Comme le disait Mme Bouchard, toute la vie de l'établissement est organisée autour du temps scolaire. Nous nous adaptons à l'emploi du temps établi par l'éducation nationale, et ne proposons pas d'activités sur les heures de cours. Toute la matinée et le début d'après-midi sont consacrés au temps scolaire. Les activités sportives, culturelles et d'insertion ne sont proposées qu'à partir de seize heures. Les mineurs se rendent à l'école au quotidien, les groupes classes étant composés de cinq mineurs maximum. Notre équipe est composée de dix enseignants et d'un proviseur. Les temps scolaires varient selon la situation des mineurs. Globalement, les jeunes que nous accueillons sont scolarisés, et les cas de déscolarisation que nous rencontrons sont récents, remontant à un an maximum et souvent liés à des problèmes d'orientation. Nous rencontrons peu de cas de non-alphabétisation, à l'exception des MNA. Les jeunes présentent un bon niveau scolaire et l'enseignement dispensé relève bien du niveau collège-lycée, et non du premier degré. Les mineurs qui étaient peu scolarisés suivent souvent environ douze heures de cours par semaine, les niveaux lycée pouvant suivre jusqu'à vingt-deux heures de cours hebdomadaire.

Le code de procédure pénale prévoit qu'un mineur peut être maintenu en EPM ou en QM jusqu'à six mois après sa majorité. Or les effectifs de l'établissement ne nous permettent pas toujours de garder les mineurs devenus majeurs. Nous ne souffrons certes pas de surpopulation, mais nous rencontrons parfois des problèmes d'encombrement nous menant à la limite du maximum. Si les effectifs ont aujourd'hui largement baissé, c'était notamment le cas avant la crise sanitaire. Notre effectif moyen était de cinquante-trois mineurs, alors que, pour l'année 2020, il est descendu à quarante-quatre.

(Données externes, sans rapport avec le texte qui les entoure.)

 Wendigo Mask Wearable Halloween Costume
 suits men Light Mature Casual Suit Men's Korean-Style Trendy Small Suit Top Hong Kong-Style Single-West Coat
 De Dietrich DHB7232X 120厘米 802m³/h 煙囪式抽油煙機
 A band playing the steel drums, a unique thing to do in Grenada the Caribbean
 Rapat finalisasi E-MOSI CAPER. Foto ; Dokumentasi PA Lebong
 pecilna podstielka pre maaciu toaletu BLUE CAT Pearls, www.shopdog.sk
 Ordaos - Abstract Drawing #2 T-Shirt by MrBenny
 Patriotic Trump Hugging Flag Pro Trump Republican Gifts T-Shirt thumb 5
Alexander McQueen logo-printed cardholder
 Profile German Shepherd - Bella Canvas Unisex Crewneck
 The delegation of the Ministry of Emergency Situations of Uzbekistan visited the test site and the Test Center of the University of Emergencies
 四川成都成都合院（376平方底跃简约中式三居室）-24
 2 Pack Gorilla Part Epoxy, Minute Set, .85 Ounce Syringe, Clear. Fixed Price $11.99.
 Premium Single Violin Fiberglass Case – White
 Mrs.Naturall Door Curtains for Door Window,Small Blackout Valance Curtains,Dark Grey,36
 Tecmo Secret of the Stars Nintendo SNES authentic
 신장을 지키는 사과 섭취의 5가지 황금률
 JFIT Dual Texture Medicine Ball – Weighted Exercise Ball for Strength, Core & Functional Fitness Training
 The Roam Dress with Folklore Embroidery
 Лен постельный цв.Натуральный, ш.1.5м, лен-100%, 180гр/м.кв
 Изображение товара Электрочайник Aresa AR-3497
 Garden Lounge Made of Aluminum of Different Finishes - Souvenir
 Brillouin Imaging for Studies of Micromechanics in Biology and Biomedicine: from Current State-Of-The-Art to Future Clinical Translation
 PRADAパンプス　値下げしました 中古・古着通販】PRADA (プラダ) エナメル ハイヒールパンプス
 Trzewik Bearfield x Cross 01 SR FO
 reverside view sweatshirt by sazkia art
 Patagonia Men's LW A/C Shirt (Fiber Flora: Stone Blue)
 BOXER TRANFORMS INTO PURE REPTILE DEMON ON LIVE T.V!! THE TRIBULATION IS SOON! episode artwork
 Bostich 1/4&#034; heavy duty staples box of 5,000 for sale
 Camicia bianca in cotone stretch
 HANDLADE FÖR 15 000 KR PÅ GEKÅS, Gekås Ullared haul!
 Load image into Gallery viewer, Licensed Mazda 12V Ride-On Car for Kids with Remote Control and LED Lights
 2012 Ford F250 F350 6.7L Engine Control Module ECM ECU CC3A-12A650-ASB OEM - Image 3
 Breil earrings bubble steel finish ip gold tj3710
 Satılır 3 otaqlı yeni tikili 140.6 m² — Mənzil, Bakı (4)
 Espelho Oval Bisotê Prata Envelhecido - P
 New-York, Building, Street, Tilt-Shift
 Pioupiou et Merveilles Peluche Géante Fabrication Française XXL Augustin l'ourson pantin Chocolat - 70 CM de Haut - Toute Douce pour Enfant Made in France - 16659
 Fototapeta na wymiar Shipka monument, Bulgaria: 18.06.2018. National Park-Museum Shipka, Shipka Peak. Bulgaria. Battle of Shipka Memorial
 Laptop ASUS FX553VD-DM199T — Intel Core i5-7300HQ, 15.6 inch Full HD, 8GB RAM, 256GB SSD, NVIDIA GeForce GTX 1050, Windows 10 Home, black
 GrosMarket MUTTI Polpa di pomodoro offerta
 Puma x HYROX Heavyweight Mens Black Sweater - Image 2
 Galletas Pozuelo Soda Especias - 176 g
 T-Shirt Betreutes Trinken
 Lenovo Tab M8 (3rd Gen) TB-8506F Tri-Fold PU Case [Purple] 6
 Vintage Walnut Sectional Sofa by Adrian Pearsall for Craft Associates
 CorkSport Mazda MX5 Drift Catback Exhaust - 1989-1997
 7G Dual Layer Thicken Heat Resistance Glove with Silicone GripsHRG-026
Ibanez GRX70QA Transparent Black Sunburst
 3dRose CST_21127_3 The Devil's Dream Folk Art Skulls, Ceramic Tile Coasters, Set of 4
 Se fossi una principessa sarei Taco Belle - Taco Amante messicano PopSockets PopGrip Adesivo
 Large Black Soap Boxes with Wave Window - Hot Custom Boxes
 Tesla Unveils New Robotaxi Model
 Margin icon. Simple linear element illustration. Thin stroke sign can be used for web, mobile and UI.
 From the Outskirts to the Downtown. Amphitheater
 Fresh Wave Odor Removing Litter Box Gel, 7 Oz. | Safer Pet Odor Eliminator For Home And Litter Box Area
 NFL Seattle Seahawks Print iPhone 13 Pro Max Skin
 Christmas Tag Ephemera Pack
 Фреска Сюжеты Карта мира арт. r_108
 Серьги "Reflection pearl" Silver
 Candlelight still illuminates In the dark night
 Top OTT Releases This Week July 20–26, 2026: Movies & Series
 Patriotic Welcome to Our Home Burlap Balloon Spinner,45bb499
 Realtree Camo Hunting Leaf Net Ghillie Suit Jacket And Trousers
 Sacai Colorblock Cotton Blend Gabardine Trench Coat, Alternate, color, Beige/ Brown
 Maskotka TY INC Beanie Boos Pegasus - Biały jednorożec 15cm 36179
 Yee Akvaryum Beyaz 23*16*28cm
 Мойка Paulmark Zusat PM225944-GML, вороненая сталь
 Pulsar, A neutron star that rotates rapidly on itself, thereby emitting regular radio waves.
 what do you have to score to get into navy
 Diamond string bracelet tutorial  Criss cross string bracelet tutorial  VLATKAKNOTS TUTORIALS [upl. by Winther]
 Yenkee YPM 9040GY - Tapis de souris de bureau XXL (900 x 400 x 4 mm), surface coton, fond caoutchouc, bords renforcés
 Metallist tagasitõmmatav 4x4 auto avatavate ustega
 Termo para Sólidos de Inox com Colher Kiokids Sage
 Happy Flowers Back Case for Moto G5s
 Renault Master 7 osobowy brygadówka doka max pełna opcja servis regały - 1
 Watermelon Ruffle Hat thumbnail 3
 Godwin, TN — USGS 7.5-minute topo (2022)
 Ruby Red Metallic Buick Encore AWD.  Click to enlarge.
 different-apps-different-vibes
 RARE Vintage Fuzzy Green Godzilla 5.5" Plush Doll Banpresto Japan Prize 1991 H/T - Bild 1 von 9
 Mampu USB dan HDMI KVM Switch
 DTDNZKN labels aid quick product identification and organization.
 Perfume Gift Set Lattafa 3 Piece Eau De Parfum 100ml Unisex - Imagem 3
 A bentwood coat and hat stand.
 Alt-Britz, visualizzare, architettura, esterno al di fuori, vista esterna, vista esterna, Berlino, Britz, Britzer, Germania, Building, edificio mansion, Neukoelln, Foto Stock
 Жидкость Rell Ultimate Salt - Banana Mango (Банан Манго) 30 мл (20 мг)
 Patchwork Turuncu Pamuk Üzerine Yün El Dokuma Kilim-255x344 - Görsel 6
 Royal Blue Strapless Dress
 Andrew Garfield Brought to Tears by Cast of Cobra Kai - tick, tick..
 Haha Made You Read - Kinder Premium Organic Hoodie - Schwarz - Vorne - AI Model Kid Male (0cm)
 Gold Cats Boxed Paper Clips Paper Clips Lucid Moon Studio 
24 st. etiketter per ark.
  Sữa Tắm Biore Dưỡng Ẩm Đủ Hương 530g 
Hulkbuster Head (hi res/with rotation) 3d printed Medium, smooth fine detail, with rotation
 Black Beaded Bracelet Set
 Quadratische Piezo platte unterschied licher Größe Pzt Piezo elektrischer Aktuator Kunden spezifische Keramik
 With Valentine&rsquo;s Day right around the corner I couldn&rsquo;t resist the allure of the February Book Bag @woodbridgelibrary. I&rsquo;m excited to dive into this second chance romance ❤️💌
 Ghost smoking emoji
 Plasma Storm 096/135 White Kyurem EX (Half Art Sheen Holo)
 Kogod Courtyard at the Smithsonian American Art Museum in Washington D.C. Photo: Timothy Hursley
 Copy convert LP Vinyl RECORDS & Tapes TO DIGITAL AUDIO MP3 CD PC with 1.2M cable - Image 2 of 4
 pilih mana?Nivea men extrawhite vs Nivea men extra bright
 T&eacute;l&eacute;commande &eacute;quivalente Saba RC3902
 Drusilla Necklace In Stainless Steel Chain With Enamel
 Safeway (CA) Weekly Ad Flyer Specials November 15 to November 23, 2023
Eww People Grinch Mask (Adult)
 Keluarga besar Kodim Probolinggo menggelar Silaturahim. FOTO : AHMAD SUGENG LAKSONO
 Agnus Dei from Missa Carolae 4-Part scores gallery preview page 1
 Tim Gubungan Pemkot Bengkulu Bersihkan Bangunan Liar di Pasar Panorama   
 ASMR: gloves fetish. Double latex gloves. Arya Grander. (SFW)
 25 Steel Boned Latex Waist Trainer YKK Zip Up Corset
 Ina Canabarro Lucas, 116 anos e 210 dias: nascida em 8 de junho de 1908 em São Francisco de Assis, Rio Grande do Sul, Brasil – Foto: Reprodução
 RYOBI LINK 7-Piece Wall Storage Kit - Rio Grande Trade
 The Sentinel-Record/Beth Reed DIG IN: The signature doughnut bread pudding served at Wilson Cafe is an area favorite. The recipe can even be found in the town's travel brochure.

Il est difficile de garder un mineur devenu majeur lorsqu'on atteint des effectifs aussi élevés. Nous le faisons quand il s'agit d'un souhait du jeune ou que la situation le nécessite. Un mineur peut devenir majeur en mars ou avril alors qu'il doit passer un examen en juin, notamment le bac. Nous pouvons aussi garder un majeur si nous savons que sa détention prendra fin et que nous souhaitons éviter un passage en maison d'arrêt.

Si, au contraire, nous savons que la durée de détention se prolongera et que le passage en détention majeure est inévitable, nous y procédons. L'arrivée en détention majeure peut donner lieu à un second choc carcéral. Les éducateurs de la PJJ accompagnent alors les mineurs détenus pour les préparer à la transition de la structure très protectrice de l'EPM au contexte de la détention majeure. À Porcheville, les éducateurs de la PJJ continuent parfois à les suivre en maison d'arrêt.

Comme à Marseille, 92 % des détenus de l'EPM de Porcheville sont des prévenus. Ce taux est stable depuis plusieurs années. Il convient de noter une évolution du rapport entre les procédures correctionnelles et criminelles : 38 % des mineurs sont placés sous le coup de procédures criminelles et 62 % de procédures correctionnelles, alors que ces pourcentages étaient de 25 % et 75 % respectivement il y a quelques années. Analyser ces données demanderait de connaître les chiffres à l'échelle nationale. Il peut s'agir d'un choix des magistrats parisiens d'orienter davantage les procédures criminelles vers l'EPM. L'établissement de Porcheville a une vocation très régionale. Nous recevons des jeunes de toute l'Île-de-France. Nous savons que les magistrats font parfois le choix de placer un mineur à l'EPM plutôt qu'au QM en fonction de son profil et au regard de la prise en charge proposée. Ce changement de profil peut être analysé de deux façons.

En 2020, la durée moyenne des séjours était de quatre mois, contre trois mois les années précédentes ; la crise sanitaire est peut-être responsable de cet allongement.

Par ailleurs, 15 % des mineurs accueillis ont moins de 16 ans, et 85 % plus de 16 ans. Nous avons enregistré une forte augmentation du nombre de MNA écroués sur l'année 2020, avant que ce nombre diminue à nouveau en 2021. Nous accueillons régulièrement des mineurs écroués dans le cadre d'affaires de terrorisme, notamment trois en 2020 et deux en 2021. C'est un profil que nous suivons régulièrement sans qu'un problème de prosélytisme soit constaté chez ces mineurs.